Dictionary of National Biography, 1885-1900/Tytler, Henry William
TYTLER, HENRY WILLIAM (1752–1808), physician and translator, born at Fearn, Forfarshire, in 1752, was the younger brother of James Tytler [q. v.], and the son of George Tytler (d. 1785), minister of Fearn, by his wife, Janet Robertson. In 1793 he published the ‘Works of Callimachus translated into English Verse; the Hymns and Epigrams from the Greek, with the Coma Berenices from the Latin of Catullus,’ which is said to be the first translation of a Greek poet by a native of Scotland. They were reprinted in ‘Bohn's Classical Library’ (1856).
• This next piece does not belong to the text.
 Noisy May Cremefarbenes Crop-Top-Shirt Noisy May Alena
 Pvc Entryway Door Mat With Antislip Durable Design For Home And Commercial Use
In 1797, Tytler, who had graduated M.D., published ‘Pædotrophia, or the Art of Nursing and Rearing Children: a Poem in three books,’ translated from the Latin of Scévole de Sainte-Marthe, with medical and historical notes. He published in 1804 a ‘Voyage from the Cape of Good Hope.’ He also completed a translation of the seventeen books of the ‘Poem of Silius Italicus on the Punic War,’ which was not published. Tytler died at Edinburgh on 22 July 1808.
[Anderson's Scottish Nation; British Critic, xi. 70; Gent. Mag. 1808, ii. 852; Scott's Fasti Eccl. Scoticanæ, III. ii. 831.]